* [What is expected]
Nothing but the lines below from the first through the one with "Fine cancer from" should appear, printed exactly; please leave pictures out.

* [Given data]
= = = =
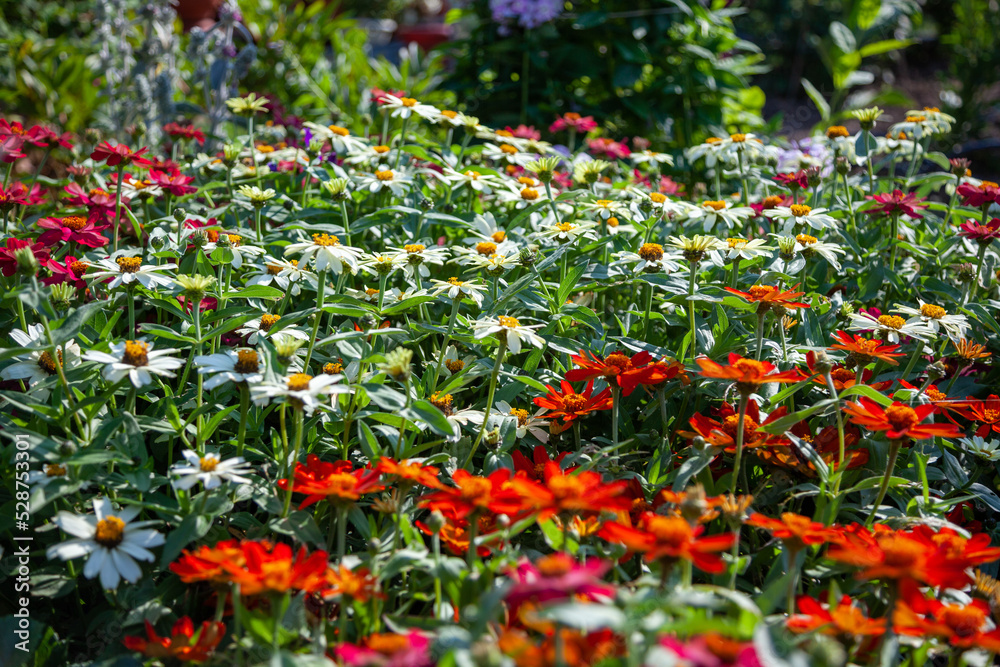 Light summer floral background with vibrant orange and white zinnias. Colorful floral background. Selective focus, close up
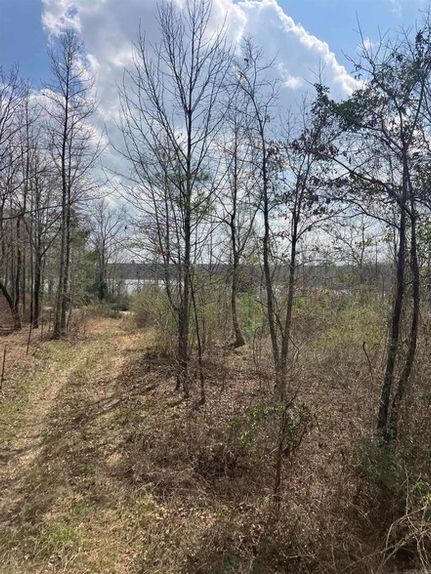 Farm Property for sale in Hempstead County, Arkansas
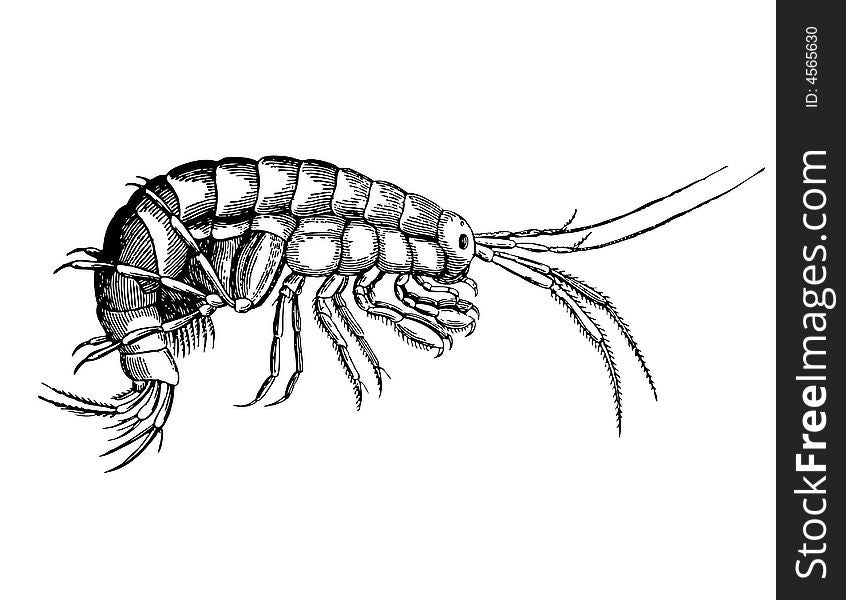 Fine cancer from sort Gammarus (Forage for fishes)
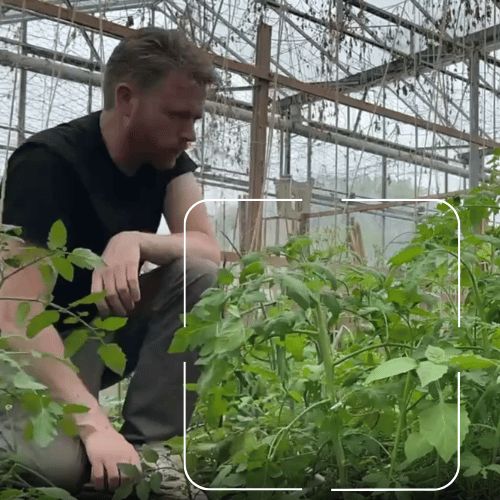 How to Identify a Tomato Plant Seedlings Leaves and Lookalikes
= = = =
* [Task solution]
 Light summer floral background with vibrant orange and white zinnias. Colorful floral background. Selective focus, close up
 Farm Property for sale in Hempstead County, Arkansas
 Fine cancer from sort Gammarus (Forage for fishes)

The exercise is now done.